How to extract part of HTML source?

Member 569739

I have a website that I am trying to extract some data from and then run some things on it. They do not seem to have any API's to do this. So take this site: abc if I view the source and look down to line 71 at this time I basically want this piece:

            \[{
                "@context": "http://schema.org/",
                "@type": "ItemList" ,
                "itemlistElement":
                    \[ \[{
                            "@type": "ListItem",
                            "position" : 1,
                            "name" : "November 2020",
                            "item":  \[{
                                "@type": "Thing",
                                "name" : "General Hospital 11/03/20",
                                "url" : "www.abc.com/shows/general-hospital/episode-guide/2020-11/03-general-hospital-110320"
                            },{
                                "@type": "Thing",
                                "name" : "General Hospital 11/02/20",
                                "url" : "www.abc.com/shows/general-hospital/episode-guide/2020-11/02-general-hospital-110220"
                            }\]
                        }\],\[{
                            "@type": "ListItem",
                            "position" : 2,
                            "name" : "October 2020",
                            "item":  \[{
                                "@type": "Thing",
                                "name" : "General Hospital 10/30/20",
                                "url" : "www.abc.com/shows/general-hospital/episode-guide/2020-10/30-general-hospital-103020"
                            },{
                                "@type": "Thing",
                                "name" : "General Hospital 10/29/20",
                                "url" : "www.abc.com/shows/general-hospital/episode-guide/2020-10/29-general-hospital-102920"
                            },{
                                "@type": "Thing",
                                "name" : "General Hospital 10/28/20",
                                "url" : "www.abc.com/shows/general-hospital/episode-guide/2020-10/28-general-hospital-102820"
                            },{
                                "@t</x-turndown>

OriginalGriff

Have a look at the HtmlAgilityPack: it makes scraping sites a whole load easier: Html Agility pack | Html Agility Pack[^] For example, you can extract all the links from a page with one line of code:

foreach (HtmlNode link in doc.DocumentNode.SelectNodes("//a[@href]"))
{
...
}

It's pretty easy to use, and very powerful when you get used to it.

"I have no idea what I did, but I'm taking full credit for it." - ThisOldTony "Common sense is so rare these days, it should be classified as a super power" - Random T-shirt AntiTwitter: @DalekDave is now a follower!

Member 569739

Thanks for the reply.

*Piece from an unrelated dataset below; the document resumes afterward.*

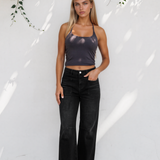 Daphne Frayed Cropped Straight Jeans - Black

I believe I actually tried just that but the problem is they aren't href's, they are JSON in a script so I believe that returned nothing unless I'm missing it. So like this from it:

"url" : "www.abc.com/shows/general-hospital/episode-guide/2020-10/26-general-hospital-102620"

There is no href in it so it doesn't retrieve it.

Richard Andrew x64

It looks to me as if that library parses the HTML into a Document Object Model that you can navigate and extract any component parts from. Have a look at the documentation. I'm sure there's a way to extract JSON, you just have to find it. Griff was only giving an example of how useful the library is.

The difficult we do right away... ...the impossible takes slightly longer.

DerekT P

Bear in mind that a large proportion of websites have T+Cs that explicitly stop you doing that. I used to do a lot of small web-scraping jobs for a variety of clients; first task was always scour the site T+Cs to check it was permitted. When I was doing it a lot there weren't any 3rd party tools available, so it's just a case of pulling out the parts of the string you want. In your case I'd search for

Member 569739 wrote:

type="application/ld+json"

(either using a simple ".indexOf()" call or using RegEx), check how many such script blocks there were, and continue likewise to pull out the bits I need. Pretty basic string manipulation. In this case, though, since the whole of what you want is JSON, just load it up using Newtonsoft.JSON and then access the objects directly:

JObject myJsonObject = JObject.Parse(myJsonText);

Richard Deeming

The application/ld+json block is meant to be scraped by other sites - at the very least by search engines: JSON-LD - JSON for Linking Data[^] I think it's unlikely that the site would include that block if they didn't want anyone to be able to use it. :)

"These people looked deep within my soul and assigned me a number based on the order in which I joined." - Homer

DerekT P

"meant to be scraped" - yes. By whom? Always check the T+Cs. :-)

Member 569739

Thanks folks. yeah it gets more complicated by the fact that there are multiple of those same blocks other than right now the one I want is the third one. That said, after hours of digging, I did find API's that return JSON for this so coding around that as obviously it's going to be a lot cleaner and more reliable. Haven't run the code yet but fingers crossed this works better. Not sure why ABC hides references to their API's like they do.